= Beginning of Section =
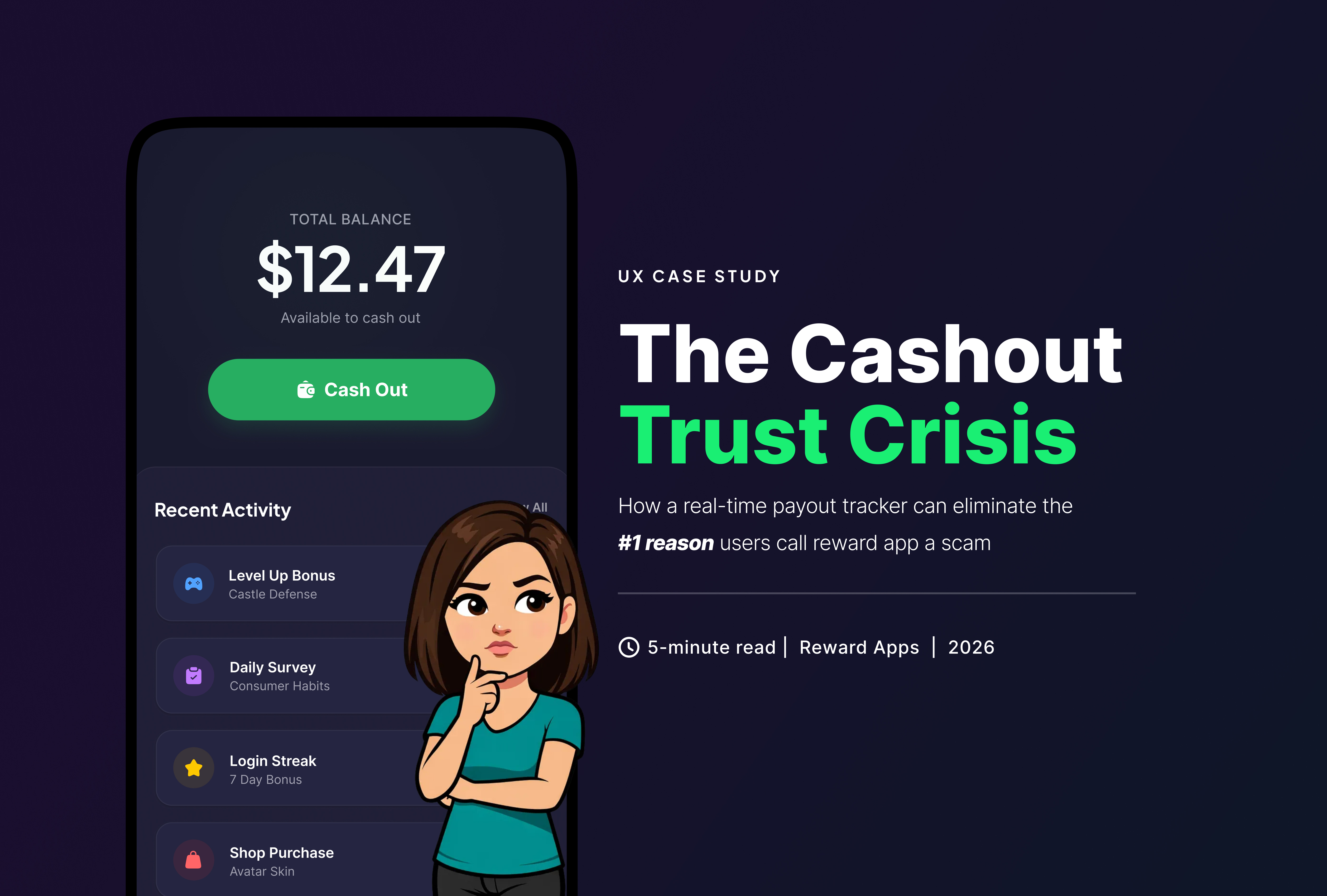 The Cashout Trust Crisis - UX Case Study case study cashout earn gift finance app fintech interface mobile mobile app design play games rewards survey app ui ux
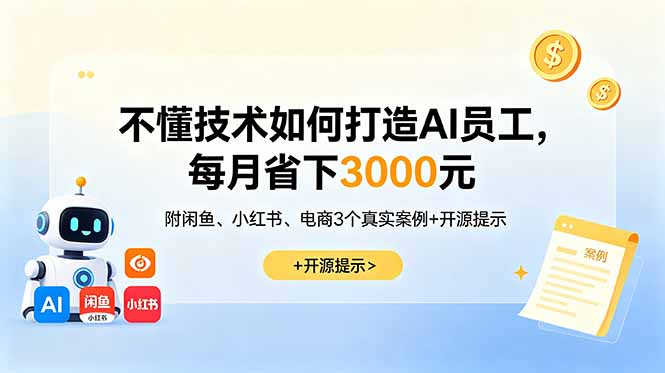 不懂技术如何打造AI员工，每月省下3000元，附闲鱼、小红书、电商3个真实案例+开源提示-91副业网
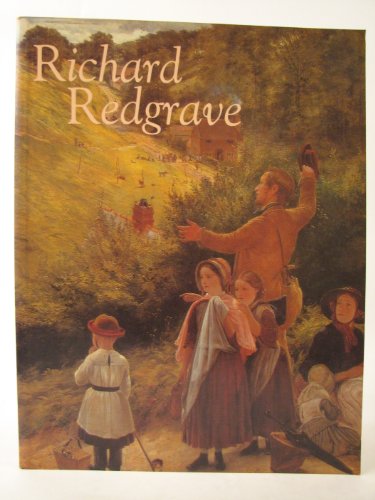 9780300042214: Richard Redgrave: 1804-1888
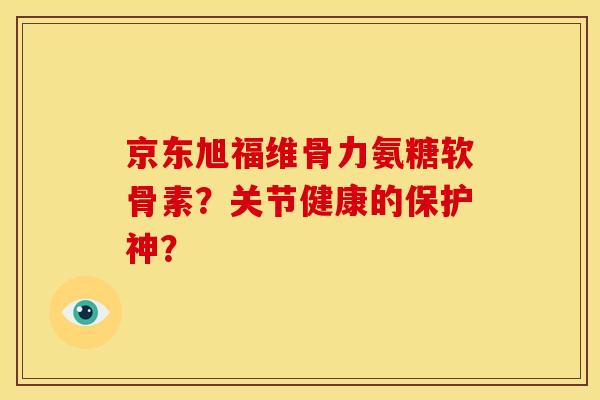 京东旭福维骨力氨糖软骨素？关节健康的保护神？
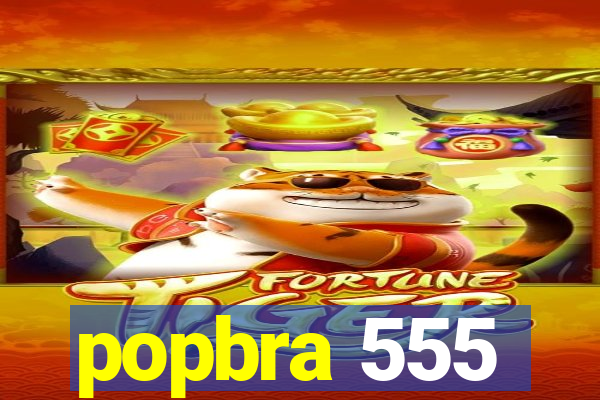 popbra 555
= End of Section =
* **Task statement**:
Nothing but the lines from the one containing "9780300042214: Richard Redgrave: 1804-1888" through the last line of the data should appear in the answer, copied exactly, with pictures excluded.

* **Task response**:
 9780300042214: Richard Redgrave: 1804-1888
 京东旭福维骨力氨糖软骨素？关节健康的保护神？
 popbra 555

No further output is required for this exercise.